Exercise description: Exact transcription, pictures omitted: reproduce the listing below.
Recorded data: Begin
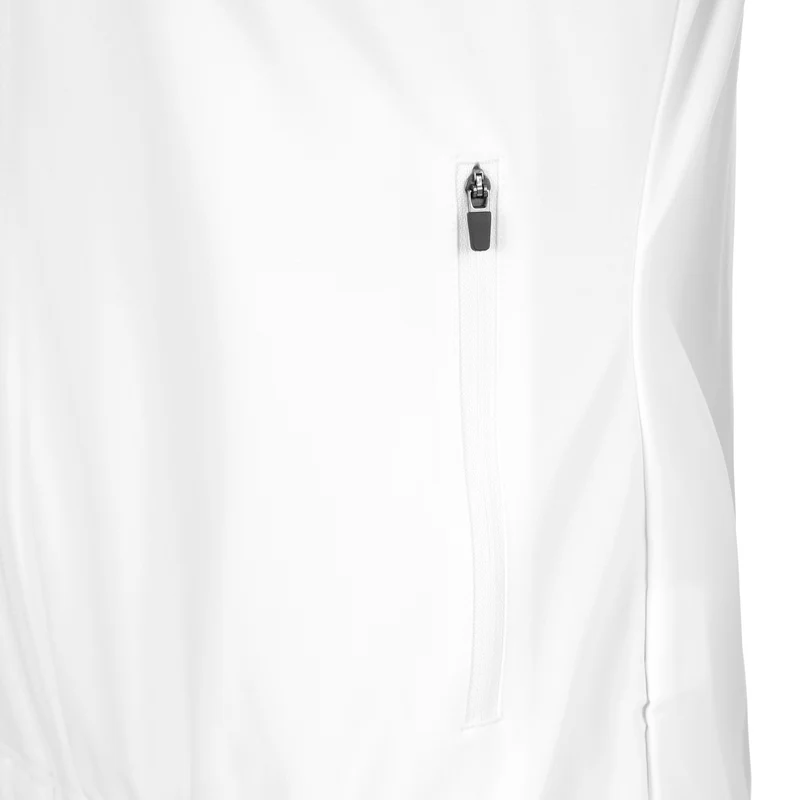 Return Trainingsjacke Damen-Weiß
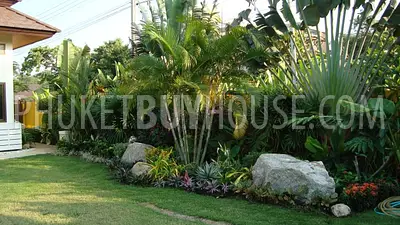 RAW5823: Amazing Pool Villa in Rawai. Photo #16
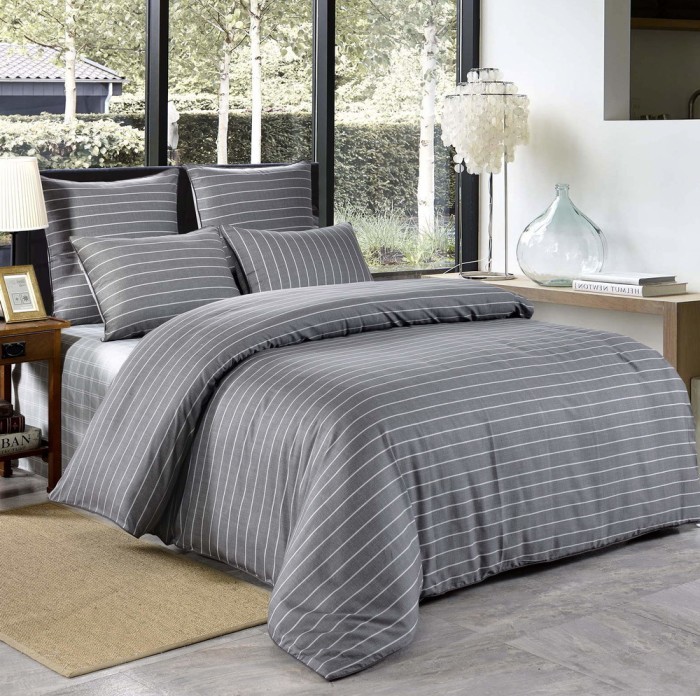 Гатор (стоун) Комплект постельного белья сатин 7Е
Recorded data: End
Answer for this exercise:
 Return Trainingsjacke Damen-Weiß
 RAW5823: Amazing Pool Villa in Rawai. Photo #16
 Гатор (стоун) Комплект постельного белья сатин 7Е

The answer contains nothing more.